* Instructions to follow
What follows is a set of records; repeat them exactly, without the pictures.

[Data items]
######

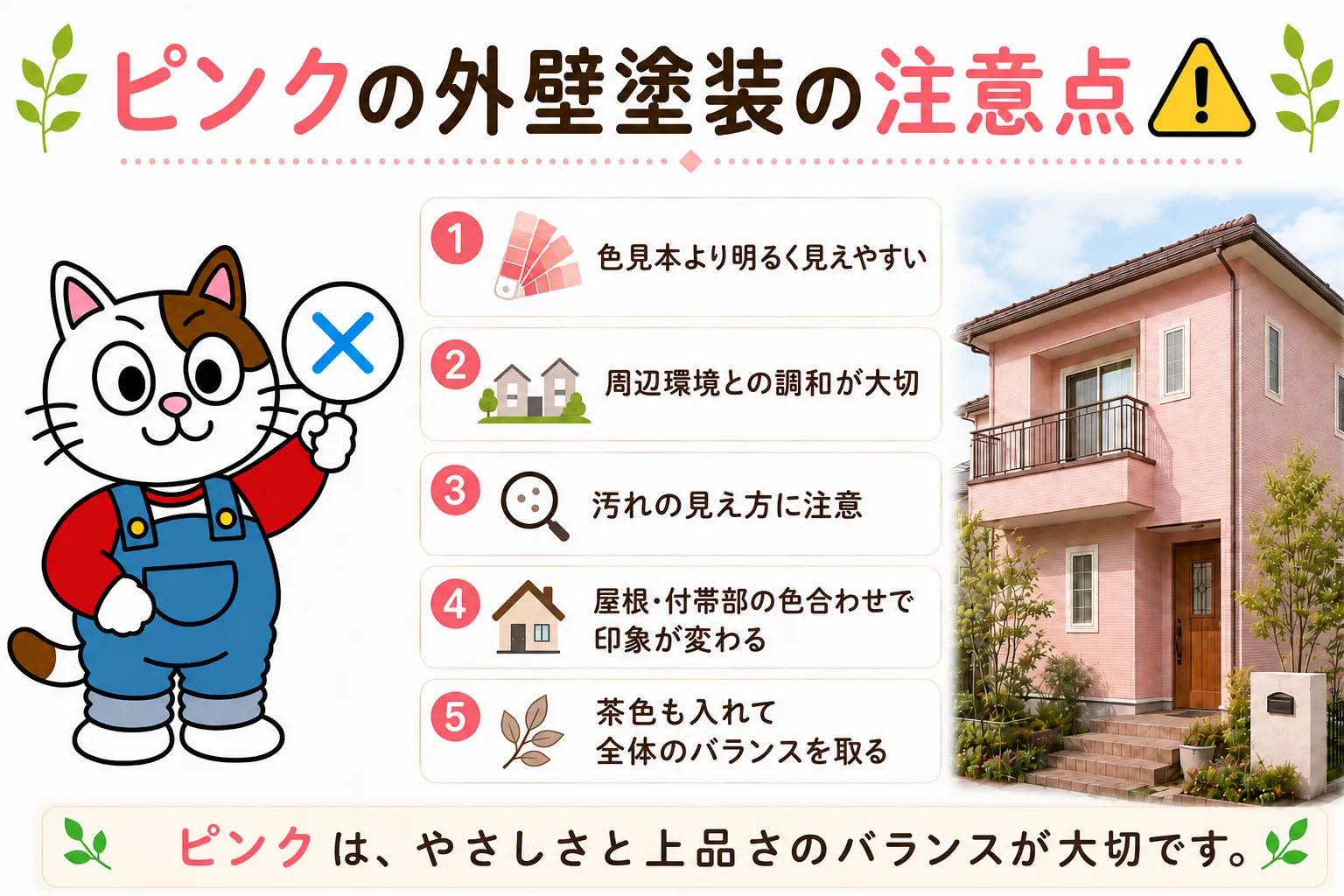 ピンクの外壁塗装の注意点　イメージ
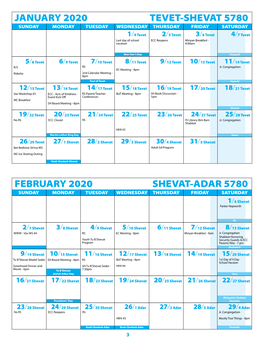 January 2020 Tevet-Shevat 5780 February 2020 Shevat-Adar 5780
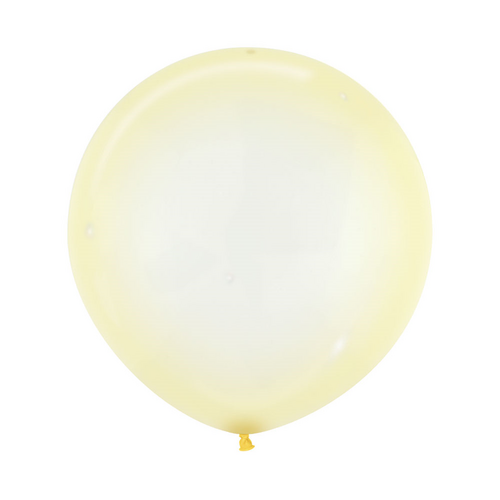 60cm Sempertex Crystal Pastel Yellow Latex Balloons 3 Pack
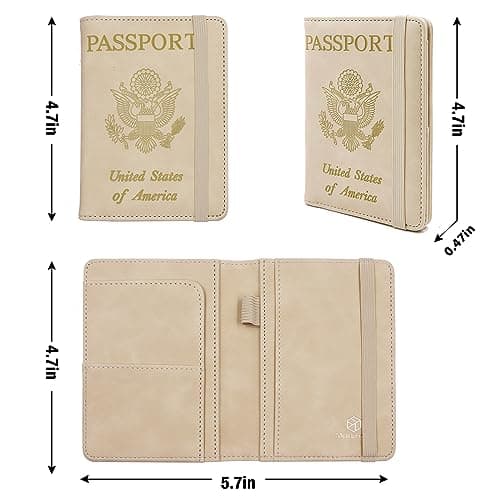 Melsbrinna Premium Leather Passport Holder Covers Case, Waterproof RFID Blocking Travel Wallet Passport Holder with Pen Holder, Cute Passport Book for Women/Men, ELA-Beige, 5.7 x 4.72 x 0.66 inches — view 4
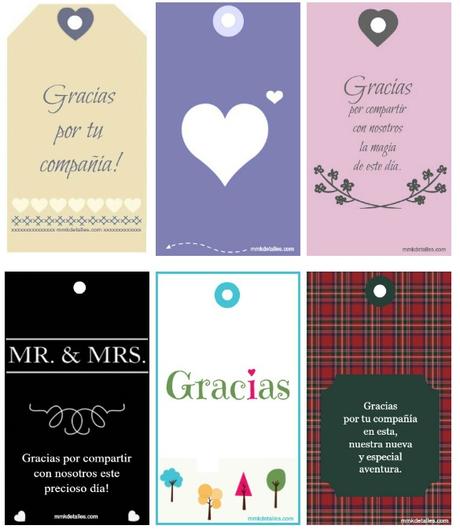 Etiquetas de Boda imprimibles Gratis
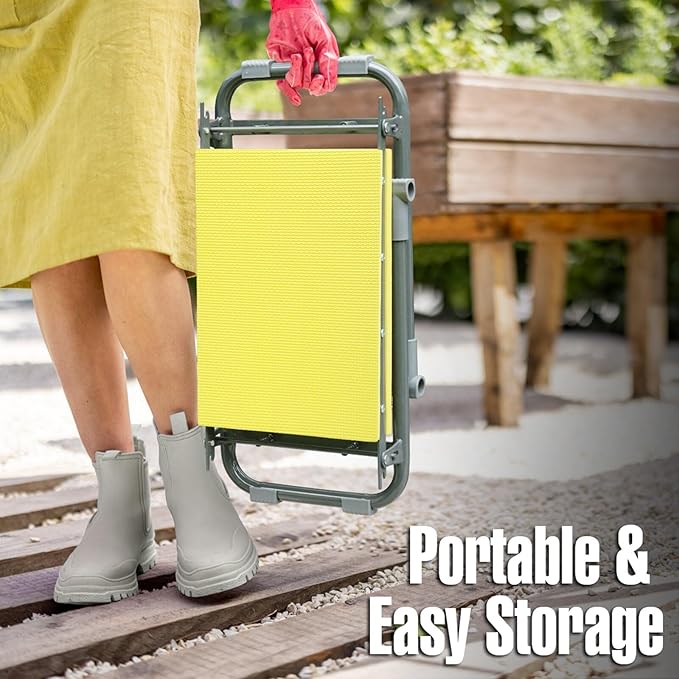 Jardineer Garden Kneeler and Seat Heavy Duty with Handles - 2-in-1 Foldable Padded Gardening Kneeler for Seniors, Ergonomic Yellow Kneeling Bench & Pad, Bypass Pruner Included (330lbs Capacity)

######

* Solution for this exercise
 ピンクの外壁塗装の注意点　イメージ
 January 2020 Tevet-Shevat 5780 February 2020 Shevat-Adar 5780
 60cm Sempertex Crystal Pastel Yellow Latex Balloons 3 Pack
 Melsbrinna Premium Leather Passport Holder Covers Case, Waterproof RFID Blocking Travel Wallet Passport Holder with Pen Holder, Cute Passport Book for Women/Men, ELA-Beige, 5.7 x 4.72 x 0.66 inches — view 4
 Etiquetas de Boda imprimibles Gratis
 Jardineer Garden Kneeler and Seat Heavy Duty with Handles - 2-in-1 Foldable Padded Gardening Kneeler for Seniors, Ergonomic Yellow Kneeling Bench & Pad, Bypass Pruner Included (330lbs Capacity)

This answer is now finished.